(b. 1578, Frankfurt/Main, d. 1610, Roma)

St Paul at Malta

c. 1600
Oil on copper, 17 x 21 cm
National Gallery, London

The demand for landscape painting among educated Italian patrons of the Renaissance was stimulated by their reading of Pliny the Elder's first-century Latin text on ancient art. Collectors applied his desciptions of Greek and Roman specialists in different kinds of pictures to their own contemporaries. German and Netherlandish artists, with their magical ability to depict delightful vistas in the backgrounds of religious paintings were soon identified by Italian clients as potential purveyors of 'pastoral' or 'rustic' pictures to rival the effects of the lighter veins of poetry and music. Northerners under the spell of Italian art theory complied with this view.

Elsheimer's precious little pictures on copper helped to transform landscape from a decorative adjunct to a major artistic genre. Trained in Germany and Venice and adept at both figure and landscape painting, Elsheimer gave visual form to two equally exotic impulses: awe of Northern woods and waters, and nostalgia for the ancient Mediterranean past.

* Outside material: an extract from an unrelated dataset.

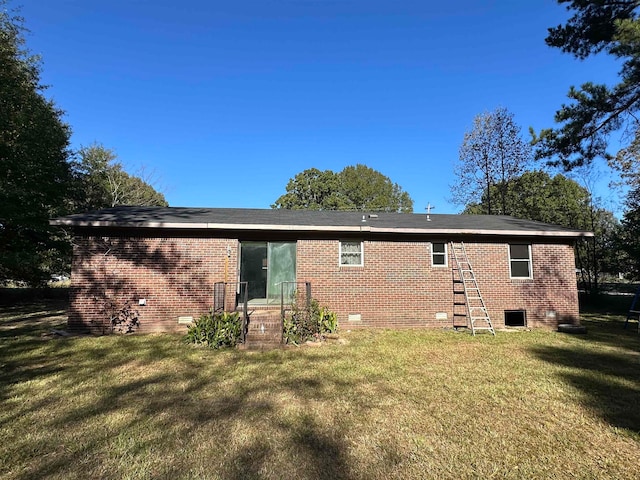 rear view of property with a lawn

This paintng belongs to the former category, although it treats two episodes from the Acts of Apostles (27:41-4; 28:1-6): the shipwreck of St Paul on the island of Malta and the miracle of the viper. Barely harder than a human hand, it recreates the effect of multiple illumination to reveal a drama of nature's might, human frailty and divine intervention. Lightning flashes on waves crashing against the shore, the spume rising to the top of gnarled trees clinging to the rocks. A beacon burns on the clifftop. The survivors gathered in the foreground dry their clothes, aided by the natives. As sparks fly upwards, the firelight glows warm on Italianate nudes and a wrinkled Nothern crone.